3) The Curse of Mandos occurred before the abandonment of Feanor and after the kinslaying at Aqualonde. Up until Fingolfin's party crossed at Helcaraxe he could still have repented.

4) Actually Eru started it in creating Melkor but that is a wholly different topic that has already been discussed.  It is true that the war was begun by Melkor and Ungoliant but Feanor's actions had already turned to evil before this. Remember at the time of the darkening of the two trees, Feanor was still in exile for his behavior towards Fingolfin years before. Had Feanor agreed to give the Silmarils to Yavanna to save the trees, matters would have been entirely different. Yes the Silmarils were still stolen but Feanor's act of love for the Valar would likely have prompted them to begin a campaign to recover the Silmarils and instead of being cursed by the Vala the Noldor would have been blessed by the Vala.

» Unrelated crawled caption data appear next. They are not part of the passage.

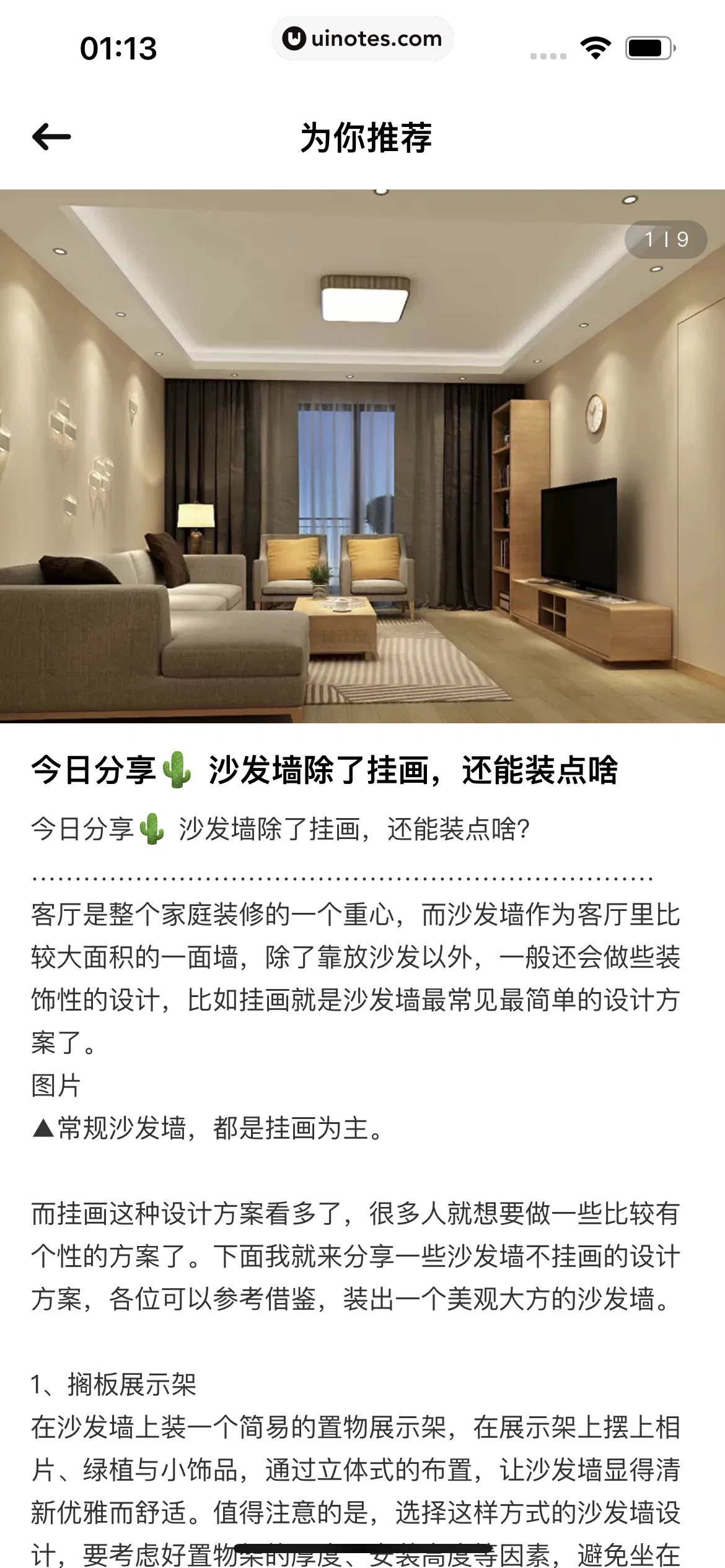 每平每屋 App 截图 071 - UI Notes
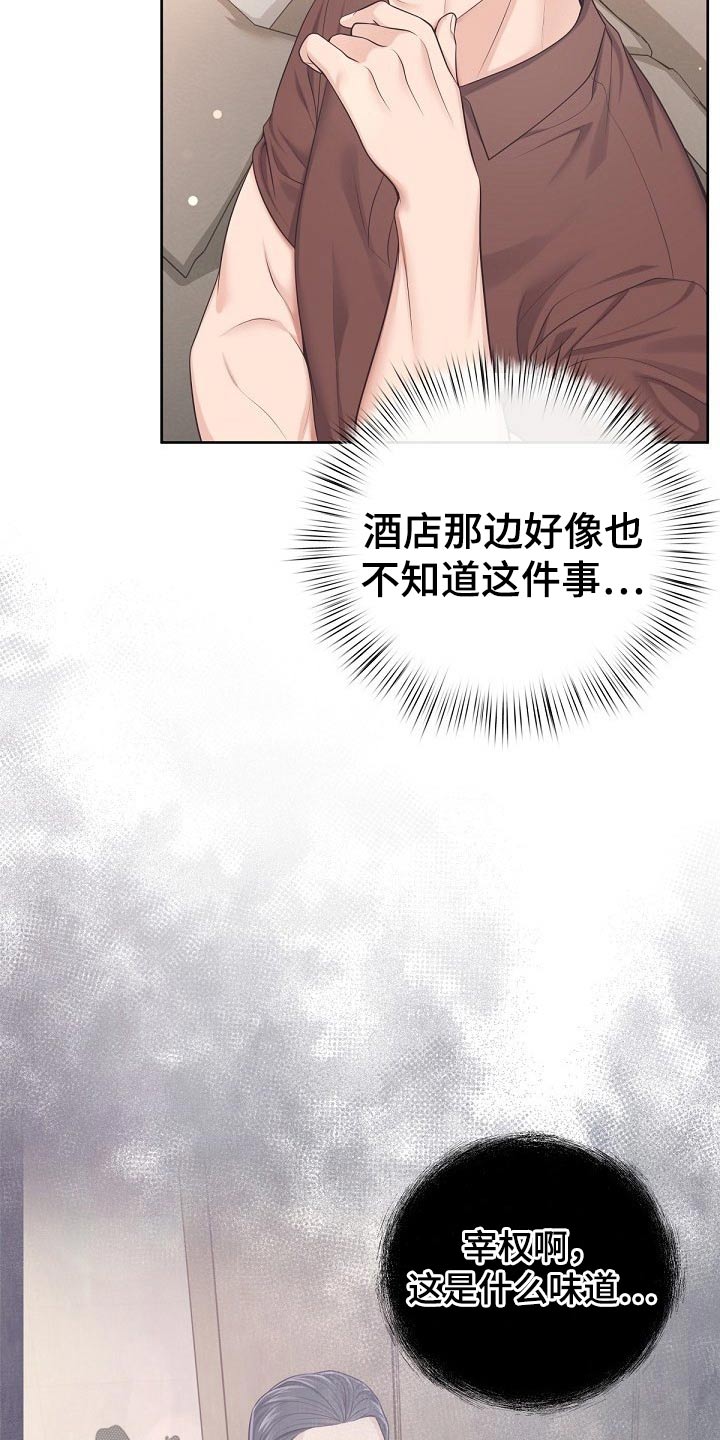 阿尔法管家漫画,第104话2图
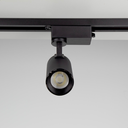 Ver imagem 6 de Kit 6 Spot Led Mr16 para Trilho Eletrificado Preto 110/220v 6500k Frio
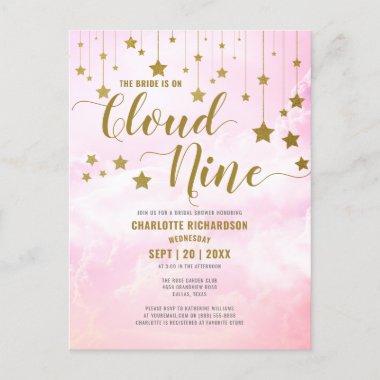 On Cloud Nine Dreamy Pastel Pink Bridal Shower PostInvitations
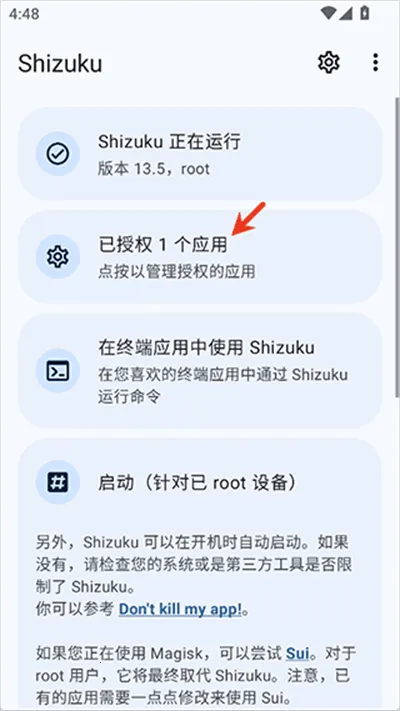 NPatch框架2026最新版本 NPatch框架2026最新版本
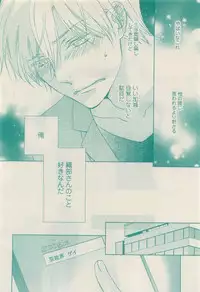 RuTiLe Vol.65 2015-05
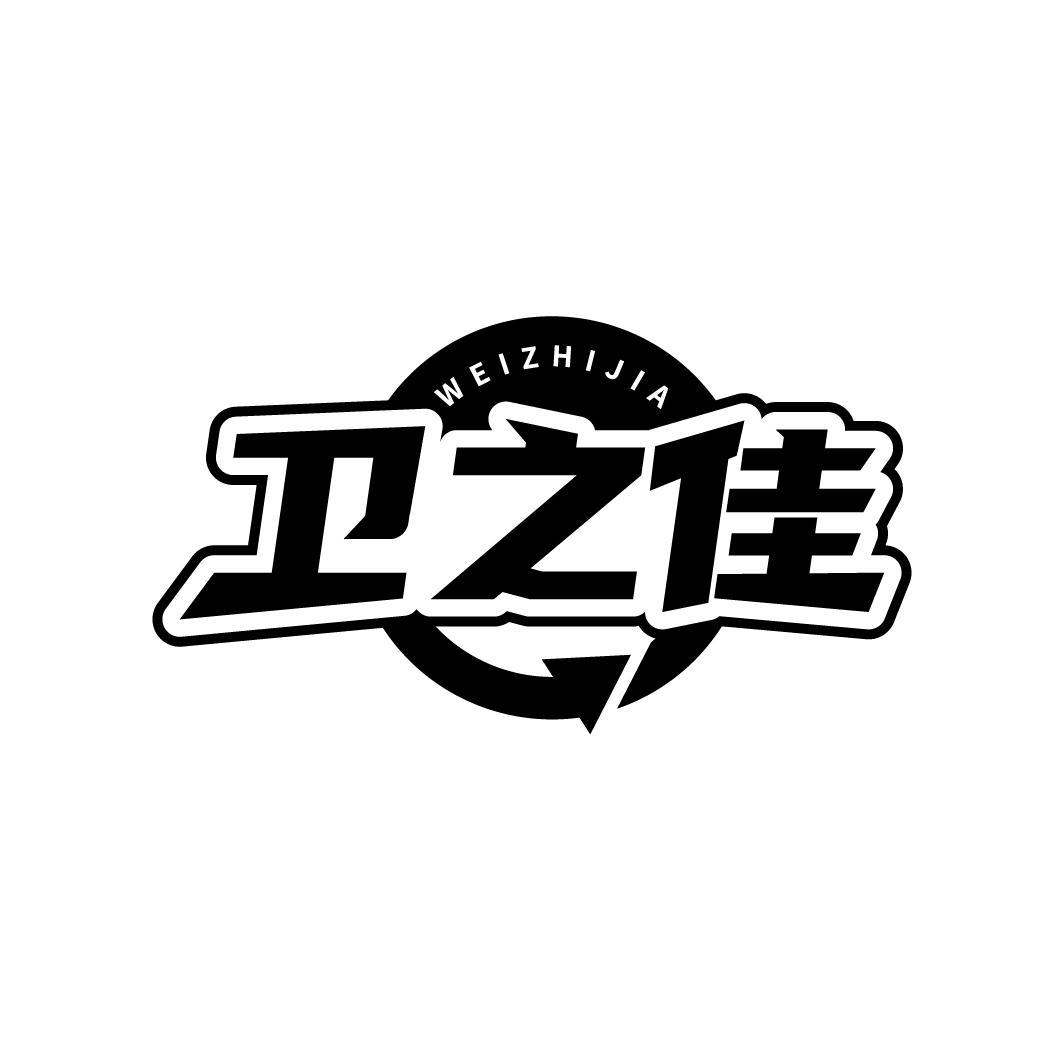 卫之佳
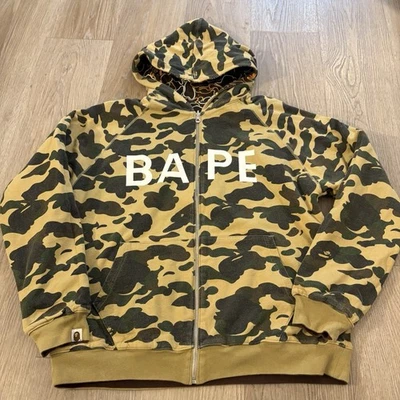 Authentic Bape Reversible Hoodie Yellow Camo/Neon Camo Large -A Bathing Ape- - Image 1 of 4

And everyone knows what people say about having an angel in your pocket.


----------



## Beleg Strongbow (Mar 8, 2002)

> _Originally posted by Eonwe _
> *and as soon as Thingol demanded a Silmaril, he got hooked too.
> 
> Anybody have the quote of what Manwe says when he hears what Feanor's reply is to the summons he gives? This is just before they all start to leave. *






That is right. Although itn was feanor's pride, greed and hatred as well as melkor's lies and deeds that brought it on. Maybe it should have been a curse on them 2?? Who knows though the noldor did follow though. Well most of them.


----------



## Bucky (Mar 8, 2002)

Was it so much a 'curse', or simply a 'prophecy' of what was going to happen?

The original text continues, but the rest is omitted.